A percentagem de população que afirma não praticar qualquer actividade física no nosso País tem vindo a crescer, sendo exemplo mais recente os dados do Eurobarómetro Especial (de Setembro de 2022) sobre a actividade física e o Desporto na União Europeia que revelam isso mesmo. Desde 2013 até 2022 aumentou em 9% o número de pessoas que dizem nunca praticar qualquer actividade, num total de 73%. 

Naturalmente estes elementos ajudam-nos a compreender melhor as consequências que a falta de actividade motora nas escolas provoca, quer nos próprios alunos que ficam limitados no seu direito e no desenvolvimento motor e cultural, quer na sociedade em geral nomeadamente para o Desporto nas suas várias fases de desenvolvimento, quer para os custos com a saúde. 

Todos estes factores evidenciam a importância que tem construir um caminho alternativo para alcançar os objectivos aqui colocados, contrariando as causas desta realidade.

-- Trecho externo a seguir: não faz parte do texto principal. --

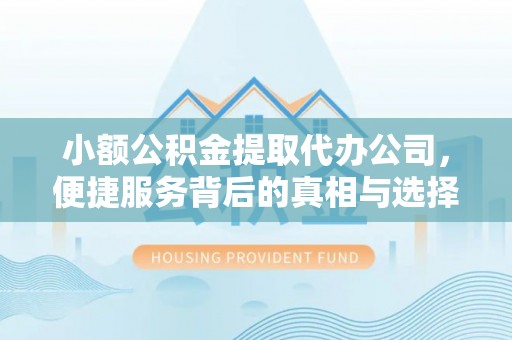 平湖小额公积金提取代办公司，便捷服务背后的真相与选择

A afirmação do papel e função da escola, associado às funções próprias de outras estruturas como o movimento associativo desportivo, os meios que cada um deles tem para cumprir as suas funções não está desligado da sociedade pela qual precisamos de continuar a lutar para garantir os direitos das crianças e dos jovens. Não está desligado das condições dos pais, dos seus salários, dos seus horários, das condições de transporte para garantir a mobilidade ou do direito à habitação.

Temos a noção de que nesta como noutras outras matérias é necessário romper com a ideia da inevitabilidade. Temos assistido ao anúncio de medidas que não só não respondem aos problemas estruturais e mais imediatos com que os trabalhadores e o povo estão confrontados, como prosseguem e aprofundam as injustiças e desigualdades.

A rejeição do Governo PS, acompanhado, em geral, por PSD e seus sucedâneos da IL e Chega, do aumento geral dos salários e das pensões, a transferência de encargos para as autarquias nomeadamente no âmbito da educação, a desvalorização da carreira docente, a falta de auxiliares de acção educativa, a falta de meios que as escolas têm para cumprir a sua função em plenitude, ao mesmo tempo que não combate a especulação e acumulação de lucros extraordinários, exige outra política para garantir uma escola que responda às necessidades das crianças e dos jovens.

É esta linha de actuação que continua a presidir à proposta do Governo do PS no Orçamento do Estado para 2023. No que diz respeito à educação, a despesa total consolidada recua 7,6%, passando dos 7 502,4 milhões de euros para 6 933,3 milhões. No combate à precariedade o que diz é zero e em relação a incentivos à colocação de docentes em zonas para as quais é necessário atrair professores nem uma palavra. 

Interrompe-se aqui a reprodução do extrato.